The first I knew of the gulls, I heard their sharp cry. Upon looking up, I beheld what appeared like a vast flock of pigeons coming from the northwest. It was about three o'clock in the afternoon. My brother Franklin and I were trying to save an acre of wheat of father's, growing not far from where the Salt Lake Theatre now stands. The wheat was just beginning to turn yellow. The crickets would climb the stalk, cut off the head, then come down and eat it. To prevent this, my brother and I each took an end of a long rope, stretched it full length, then walked through the grain holding the rope so as to hit the heads, and thus knock the crickets off. From sunrise till sunset we kept at this labor; for as darkness came the crickets sought shelter, but with the rising of the sun they commenced their ravages again.
I have been asked "how numerous were the gulls."
There must have been thousands of them. Their coming was like a great cloud; and when they passed between us and the sun, a shadow covered the field. I could see the gulls settling for more than a mile around us. They were very tame, coming within four or five rods of us.
At first we thought that they, also, were after the wheat, and this thought added to our terror: but we soon discovered that they devoured only the crickets. Needless to say, we quit drawing the rope, and gave our gentle visitors the possession of the field. As I remember it, the gulls came every morning for about three weeks, when their mission was apparently ended, and they ceased coming. The precious crops were saved.
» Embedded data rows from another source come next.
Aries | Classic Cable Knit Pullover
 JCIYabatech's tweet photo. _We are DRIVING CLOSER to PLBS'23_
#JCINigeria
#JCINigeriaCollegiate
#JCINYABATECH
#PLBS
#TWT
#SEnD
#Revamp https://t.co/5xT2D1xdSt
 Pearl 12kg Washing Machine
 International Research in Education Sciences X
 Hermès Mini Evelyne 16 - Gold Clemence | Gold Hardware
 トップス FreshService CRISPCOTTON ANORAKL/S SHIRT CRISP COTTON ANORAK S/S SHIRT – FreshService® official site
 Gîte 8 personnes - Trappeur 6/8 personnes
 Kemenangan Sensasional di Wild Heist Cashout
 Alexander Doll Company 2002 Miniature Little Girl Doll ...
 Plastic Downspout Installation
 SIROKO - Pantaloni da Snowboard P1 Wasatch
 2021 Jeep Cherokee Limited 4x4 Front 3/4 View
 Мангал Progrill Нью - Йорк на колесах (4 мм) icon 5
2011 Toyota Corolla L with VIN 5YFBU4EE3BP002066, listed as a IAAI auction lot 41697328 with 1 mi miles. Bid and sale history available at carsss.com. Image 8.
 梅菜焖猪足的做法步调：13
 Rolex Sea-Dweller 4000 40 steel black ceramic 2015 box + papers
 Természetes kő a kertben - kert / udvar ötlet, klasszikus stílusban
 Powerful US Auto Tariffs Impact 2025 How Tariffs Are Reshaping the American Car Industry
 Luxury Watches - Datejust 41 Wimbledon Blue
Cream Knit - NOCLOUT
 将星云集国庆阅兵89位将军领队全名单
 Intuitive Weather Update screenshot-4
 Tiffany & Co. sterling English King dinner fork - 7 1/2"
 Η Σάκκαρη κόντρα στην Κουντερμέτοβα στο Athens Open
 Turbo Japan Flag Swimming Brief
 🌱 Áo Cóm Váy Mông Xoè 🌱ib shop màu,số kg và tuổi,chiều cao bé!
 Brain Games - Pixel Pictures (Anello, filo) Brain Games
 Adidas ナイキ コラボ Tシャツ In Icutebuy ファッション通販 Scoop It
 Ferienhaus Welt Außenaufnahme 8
I have met those who were skeptical about the gulls' being sent by divine Providence, for the salvation of our people, but I believe it most firmly; as witness the preparedness of the Indians. They kept on hand baskets purposely made to put in the creeks to catch the loathsome insects as they floated down the streams, and they caught them by tons, sun-dried them, then roasted them, and made them into a silage that would keep for months. Their skill in this convinces me that the coming of the crickets had been continuous for ages. Nor had the cricket crop ever been interrupted before until our people came, and the coming of the gulls checked the increase of the loathsome insects. The gulls were sent by the same Power that sent the quails to feed the Israelites.
Do I love the sea gulls? I never hear their sharp, shrill cry but my heart leaps with joy and gladness, for I know that they saved my father's family and his people from a fearful death. Bless the gulls! They and the lovely sego lilies should ever be remembered, protected, and sacredly cherished by the children of the Latter-day Saints.